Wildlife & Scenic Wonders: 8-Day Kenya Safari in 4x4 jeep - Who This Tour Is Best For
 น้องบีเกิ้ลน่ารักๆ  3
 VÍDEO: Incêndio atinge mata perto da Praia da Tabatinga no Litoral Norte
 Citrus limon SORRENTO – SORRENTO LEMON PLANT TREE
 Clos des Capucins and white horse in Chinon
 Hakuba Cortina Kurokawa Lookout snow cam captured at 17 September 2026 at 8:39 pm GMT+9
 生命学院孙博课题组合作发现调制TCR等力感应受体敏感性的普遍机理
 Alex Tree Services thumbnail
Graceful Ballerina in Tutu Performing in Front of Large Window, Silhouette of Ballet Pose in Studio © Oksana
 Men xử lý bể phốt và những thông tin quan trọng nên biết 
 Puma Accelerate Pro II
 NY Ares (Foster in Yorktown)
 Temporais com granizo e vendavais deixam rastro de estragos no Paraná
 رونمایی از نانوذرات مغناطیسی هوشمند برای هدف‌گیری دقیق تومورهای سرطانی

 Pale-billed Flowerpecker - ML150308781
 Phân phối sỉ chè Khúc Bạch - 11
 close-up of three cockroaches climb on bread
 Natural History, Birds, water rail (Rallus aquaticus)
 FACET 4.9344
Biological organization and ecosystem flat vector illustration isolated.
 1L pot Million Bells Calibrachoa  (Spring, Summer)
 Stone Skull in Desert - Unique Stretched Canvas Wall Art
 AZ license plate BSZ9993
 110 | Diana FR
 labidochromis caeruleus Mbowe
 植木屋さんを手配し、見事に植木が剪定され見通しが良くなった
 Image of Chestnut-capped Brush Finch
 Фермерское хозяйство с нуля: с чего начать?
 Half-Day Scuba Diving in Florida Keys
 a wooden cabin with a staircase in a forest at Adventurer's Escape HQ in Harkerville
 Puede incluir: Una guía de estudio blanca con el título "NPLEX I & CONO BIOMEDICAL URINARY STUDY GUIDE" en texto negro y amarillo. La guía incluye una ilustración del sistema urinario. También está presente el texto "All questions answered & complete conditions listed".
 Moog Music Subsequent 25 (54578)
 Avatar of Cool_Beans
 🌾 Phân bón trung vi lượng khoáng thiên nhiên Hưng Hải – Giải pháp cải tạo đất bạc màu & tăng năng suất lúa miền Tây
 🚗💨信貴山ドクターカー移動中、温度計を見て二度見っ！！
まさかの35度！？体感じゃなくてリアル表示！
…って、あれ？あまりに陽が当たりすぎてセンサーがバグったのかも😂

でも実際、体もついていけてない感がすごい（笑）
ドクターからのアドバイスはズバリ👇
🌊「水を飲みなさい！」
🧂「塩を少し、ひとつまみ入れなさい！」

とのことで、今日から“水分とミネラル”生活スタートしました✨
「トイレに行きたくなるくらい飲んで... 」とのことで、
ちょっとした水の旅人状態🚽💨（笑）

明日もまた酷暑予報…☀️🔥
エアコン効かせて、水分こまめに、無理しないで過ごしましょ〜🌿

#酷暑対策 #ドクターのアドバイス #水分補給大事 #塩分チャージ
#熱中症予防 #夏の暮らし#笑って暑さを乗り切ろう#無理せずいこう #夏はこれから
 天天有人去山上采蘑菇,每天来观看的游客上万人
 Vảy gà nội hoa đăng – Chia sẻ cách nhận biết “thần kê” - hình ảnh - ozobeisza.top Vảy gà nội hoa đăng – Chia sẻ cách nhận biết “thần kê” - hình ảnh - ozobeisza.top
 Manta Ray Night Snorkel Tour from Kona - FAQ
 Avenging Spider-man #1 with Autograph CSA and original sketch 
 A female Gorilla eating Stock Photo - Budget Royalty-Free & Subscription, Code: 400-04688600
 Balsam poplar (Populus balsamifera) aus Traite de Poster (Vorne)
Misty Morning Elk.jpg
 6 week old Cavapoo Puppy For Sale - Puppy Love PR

_ _ _ _ _

_Activity_
From the line holding "Avatar of Cool_Beans" to the final line of the data, repeat every line exactly. Leave out all the rest.

_Exercise response_
 Avatar of Cool_Beans
 🌾 Phân bón trung vi lượng khoáng thiên nhiên Hưng Hải – Giải pháp cải tạo đất bạc màu & tăng năng suất lúa miền Tây
 🚗💨信貴山ドクターカー移動中、温度計を見て二度見っ！！
まさかの35度！？体感じゃなくてリアル表示！
…って、あれ？あまりに陽が当たりすぎてセンサーがバグったのかも😂

でも実際、体もついていけてない感がすごい（笑）
ドクターからのアドバイスはズバリ👇
🌊「水を飲みなさい！」
🧂「塩を少し、ひとつまみ入れなさい！」

とのことで、今日から“水分とミネラル”生活スタートしました✨
「トイレに行きたくなるくらい飲んで... 」とのことで、
ちょっとした水の旅人状態🚽💨（笑）

明日もまた酷暑予報…☀️🔥
エアコン効かせて、水分こまめに、無理しないで過ごしましょ〜🌿

#酷暑対策 #ドクターのアドバイス #水分補給大事 #塩分チャージ
#熱中症予防 #夏の暮らし#笑って暑さを乗り切ろう#無理せずいこう #夏はこれから
 天天有人去山上采蘑菇,每天来观看的游客上万人
 Vảy gà nội hoa đăng – Chia sẻ cách nhận biết “thần kê” - hình ảnh - ozobeisza.top Vảy gà nội hoa đăng – Chia sẻ cách nhận biết “thần kê” - hình ảnh - ozobeisza.top
 Manta Ray Night Snorkel Tour from Kona - FAQ
 Avenging Spider-man #1 with Autograph CSA and original sketch 
 A female Gorilla eating Stock Photo - Budget Royalty-Free & Subscription, Code: 400-04688600
 Balsam poplar (Populus balsamifera) aus Traite de Poster (Vorne)
Misty Morning Elk.jpg
 6 week old Cavapoo Puppy For Sale - Puppy Love PR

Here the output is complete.